While the successful merger that is a "healthy dessert" does occasionally occur — think of now-ubiquitous frozen yogurt — the bottom of the great divide is littered with failures that seemed so perfect when they made the jump (e.g., candy bars laced with concentrated polyphenols, high-fiber ice cream or flax-and-quinoa cookies).
The dessert items receiving the brunt of healthy treatments certainly would be baked goods, such as cakes and cookies. "For some people, the idea of a healthy dessert is a misnomer, but I think the incorporation of ingredients such as whole grains can readily make them healthier," says Aaron Clanton, baking curriculum manager at Manhattan, Kan.-based American Institute of Baking (AIB). "But these ingredients do change the baking aspects of products -- such as the mixing -- so processes and formulas need to be adjusted."
The challenge to adding whole grain ingredients to desserts is to keep the familiar texture. Ultragrain from ConAgra Mills, Omaha, Neb., is a "white" whole-grain flour from a proprietary variety of wheat specially grown to have a sweeter, milder taste and lighter color than conventional wheat and wheat flour products.
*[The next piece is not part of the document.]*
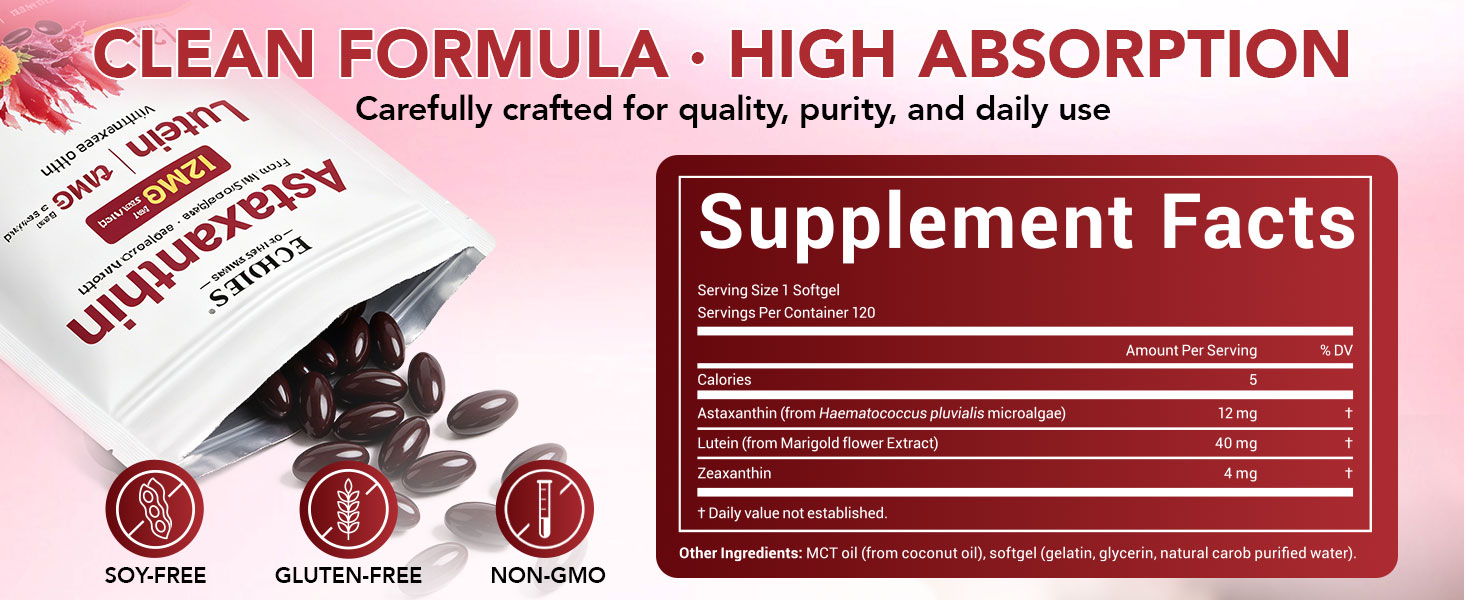 Astaxanthin 12mg & Lutein 40mg with Zeaxanthin Supplements, Fresh Microalgae Source, Supports Eye, Skin, Antioxidant, Joint, Circulatory Health, Gluten Free, 4 Month Supply | 120 Softgels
Via advanced milling technology, Ultragrain flour maintains a mild taste and creates its smooth texture while still preserving the content of fiber, antioxidants and phytonutrients, as well as vitamins and minerals typical of whole-wheat bran and germ. These nutritive components are not found in refined flours. The combination makes Ultragrain a whole grain product with the taste, look and texture properties of refined flour.
Including whole grains enhances the nutrient density of desserts as does increasing fiber content. Another ConAgra whole grain, Sustagrain Barley, relies on a unique macronutrient composition for its health "sell." More than half of its carbohydrate content is composed of dietary fiber, with 40 percent of that fiber content in the form of beta glucans. This form of fiber has a proven cholesterol-lowering effect. At around three times the total dietary and soluble fiber of conventional whole-grain flours, Sustagrain Barley has a low starch content and is designed for boosting the fiber of formulations rather than the bulk.
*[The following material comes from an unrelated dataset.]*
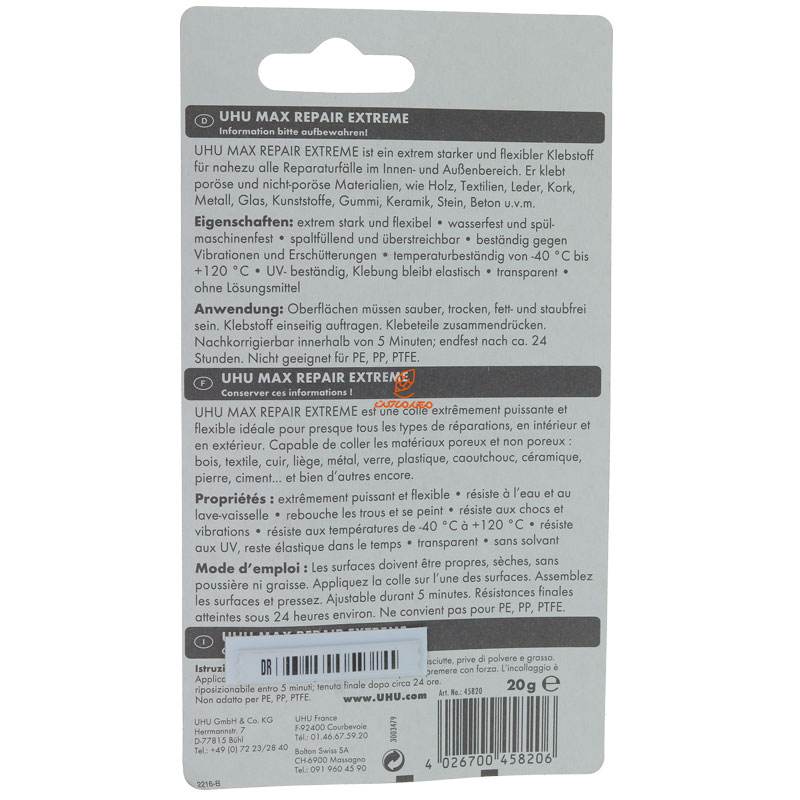 چسب تعمیراتی قوی 20 گرم مدل 45820 اوهو UHU (3)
Lowering calories-per-weight has proven to be a good way of creating healthier desserts, and fiber is an effective medium. SunOpta Inc., Minnetonka, Minn., offers a family of insoluble fibers from sources such as oat, soy and pea as well as multi-fiber blends. "All of these fibers can be used to create healthier desserts such as cakes and brownies, or dessert components such as pie crust, granola or crumb toppings," says Cathy Peterson, group vice president of applications and technical services. "Some have a soft enough texture and small enough particle size to be used to increase dietary fiber levels in creamy formulations such as cheesecake or in fruit toppings."
Adding fiber and water reduces the caloric density of the dessert, allowing the consumer to indulge in the serving size she is accustomed to rather than accepting a reduced portion size to reduce calories. "Insoluble fibers are virtually calorie-free and are excellent ingredients for reducing calories," continues Peterson. "Incorporating Canadian Harvest or SunOpta fibers into a brownie formula, for example, can reduce the calories by 20 to 30 percent without sacrificing the indulgent characteristics of the brownie."
Typically the biggest risk in employing fiber-based low-fat or fat-free ingredients is losing the indulgent, creamy texture fat provides. SunOpta also makes Barley Balance, a concentrated form of barley beta glucan designed to create hearth-healthy products. It also can be used at lower levels — as little as 1 percent — to improve the texture and mouthfeel of reduced-fat baked goods and other desserts. The soft gel that is created by the Barley Balance mimics the structure of fat and can increase the moistness and creaminess of products.
Sweet and low
While sweeteners have always been a big trend in healthier desserts, a lot of them fall short in performance when it comes to baking formulations. Simply put, many low- and no-cal sweeteners just can't provide the bulk many baked goods need. Even a natural sweetener such as stevia is limited, in this case because at 300 times the flavor intensity of sugar, it can't replace sucrose ounce for ounce.